The whole process can take as little as five seconds on a fast Wi-Fi network to around 20 seconds where network speeds are slower or the scene being analyzed requires more ‘algorithmic thought’. The technology has been trained with around 300,000 images at this stage, says Cheng. The plan is to continue building this out, with a specific focus on imagery that might be useful for blind and visually impaired users — such as street signs or specific items they may need to use or locate like white canes, braille readers or even their guide dog (assuming the dog is sleeping too deeply to hear them call).
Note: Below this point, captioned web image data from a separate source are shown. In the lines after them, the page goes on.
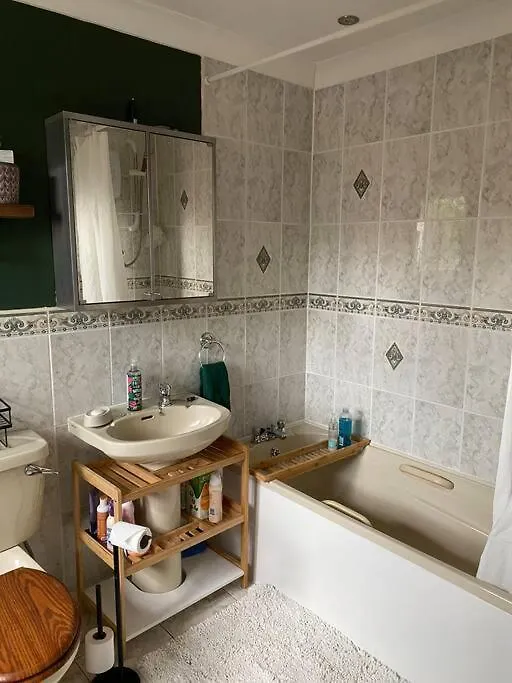 Cheerful 3-Bed Detached Home Nottingham 0*,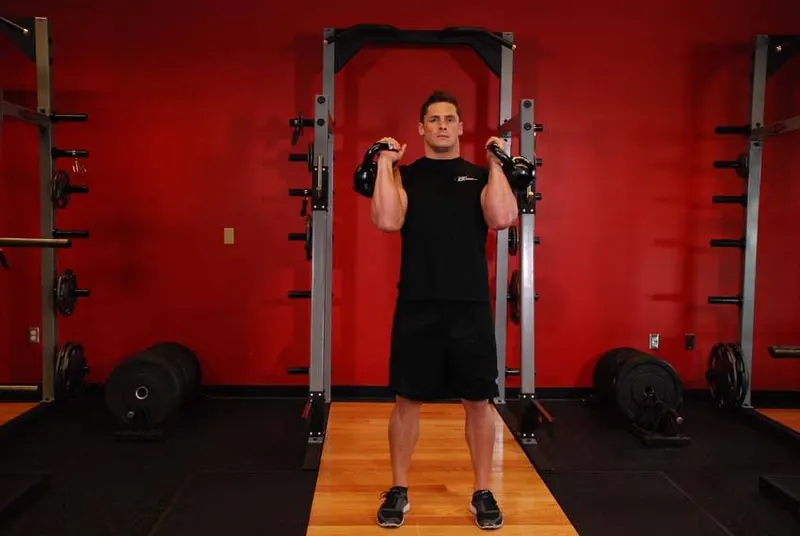 Alternating Kettlebell Press: starting position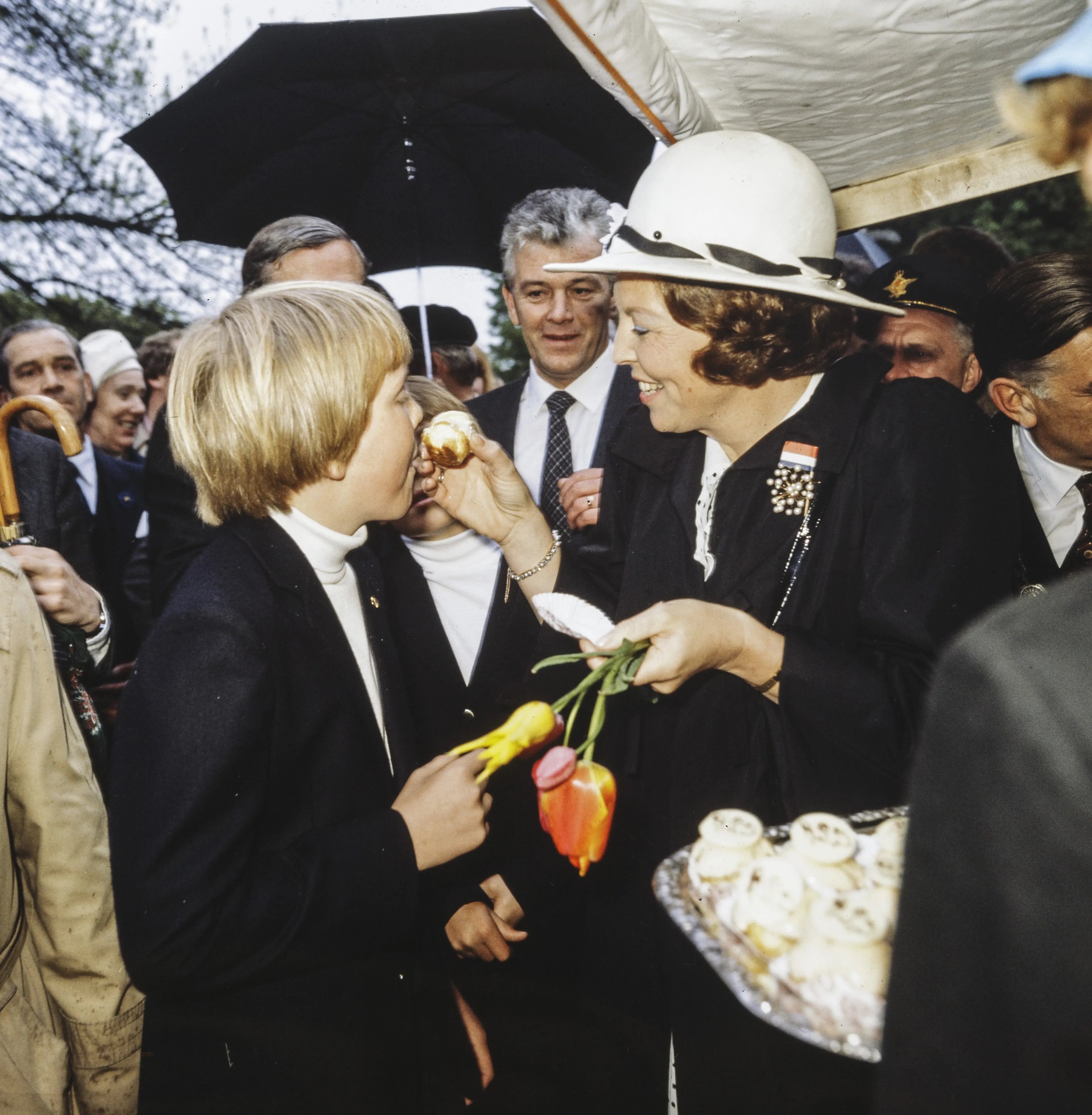 De eerste Koninginnedag met koningin Beatrix (1981).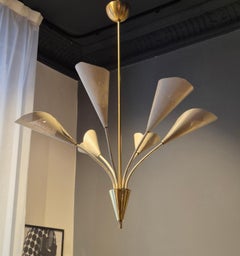 Elegante lámpara de araña de seis brazos, pantallas de metal perforado, Midcentury Modern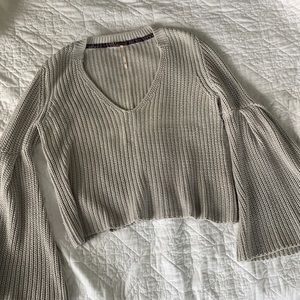 FREE PEOPLE bell sleeved cropped sweater
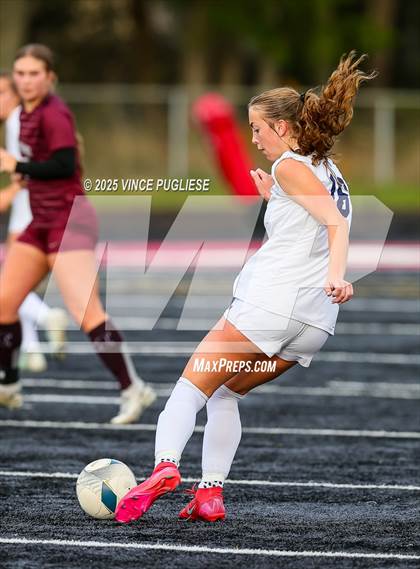 Thumbnail 3 in Seton Catholic @ Montesano (WIAA District 4 1A Championship) photogallery.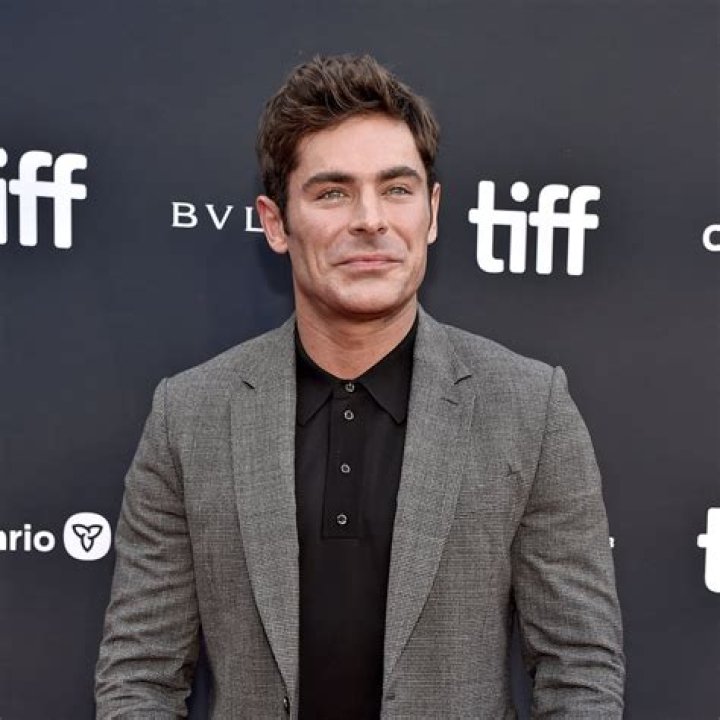 
David Efron Height, Weight, Net Worth, Age, Birthday, Wikipedia, Who, Nationality, Biography 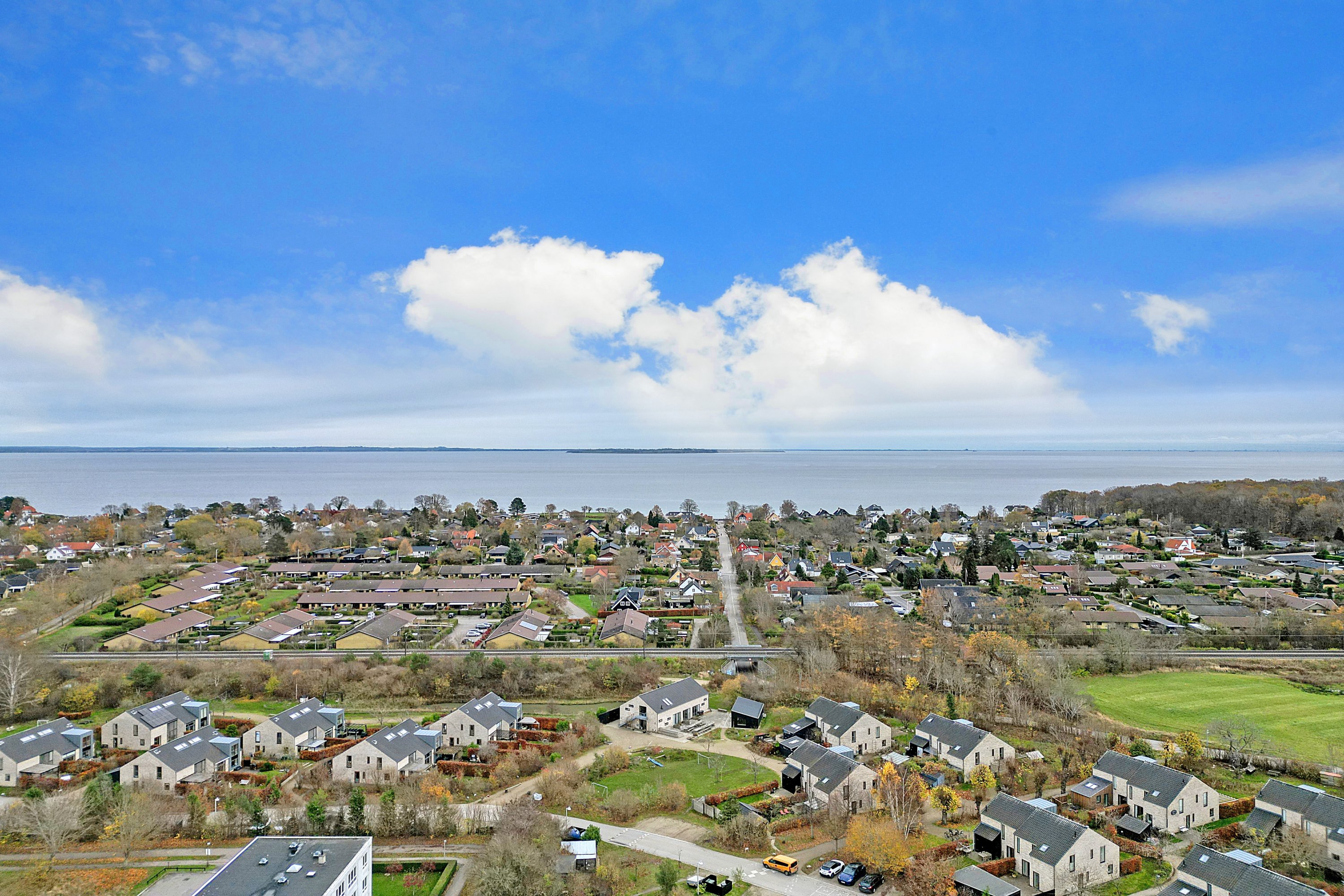 Fremhævet luftfoto billede i fuldskærmstilstand. Billede af Teglgårdsvej 915, 1. th., 3050 Humlebæk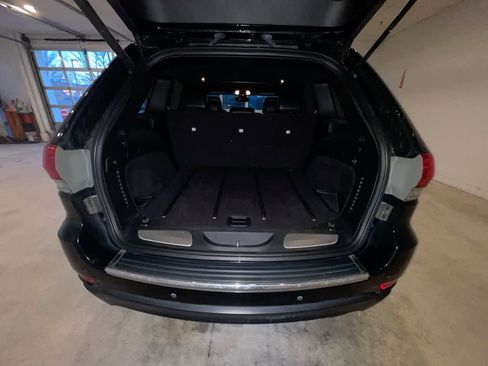 Used 2017 Jeep Grand Cherokee Limited image 24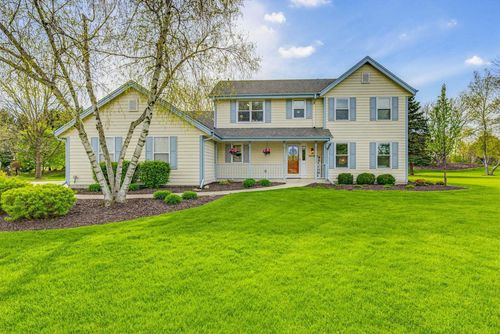 W329N4063 High Hill Court, Nashotah, WI, 53058 | Card Image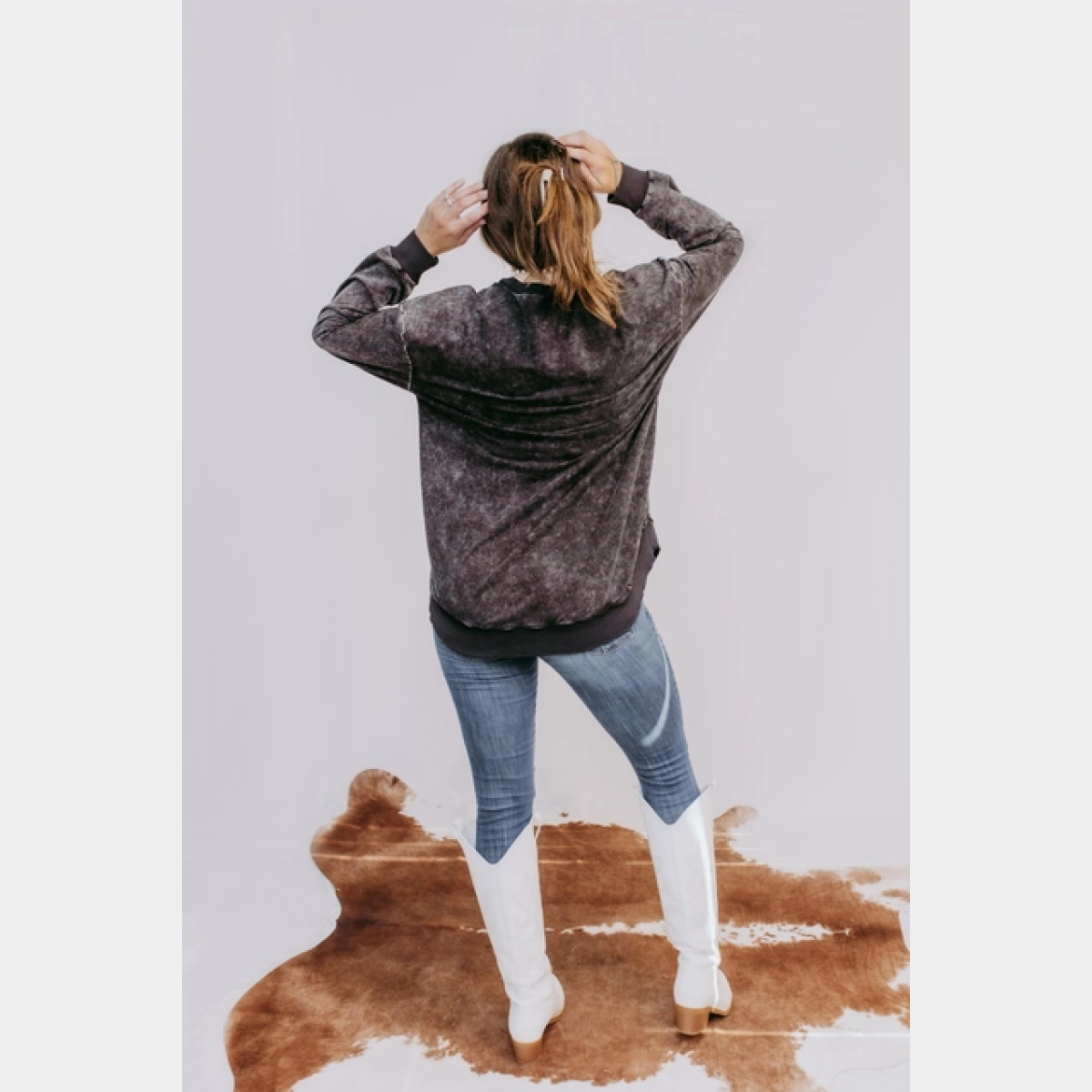 Charcoal Basic Acid Washed Sweatshirt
“We went to a picnic on Saturday with the Silicon Valley Council For The Blind and we took pictures of everyone’s white canes in lots of different positions, and we will upload all of those images to our algorithm such that if a blind person has dropped their white cane somewhere and they’re not quite sure where they can get their phone out, take a picture in the vicinity where they think their white cane is and have the app identify that there is a white cane that they’re looking at and that’s where they should search around,” she adds.

At the start of this year a Danish app called Be My Eyes grabbed attention with a similar concept — albeit entirely powered by human eyes. So that app connects blind and visually impaired users who have a need to identify something specific — such as a label on a can of food — with sighted users willing to lend their eyes to the task at hand so they can tell them what they are looking at in real-time.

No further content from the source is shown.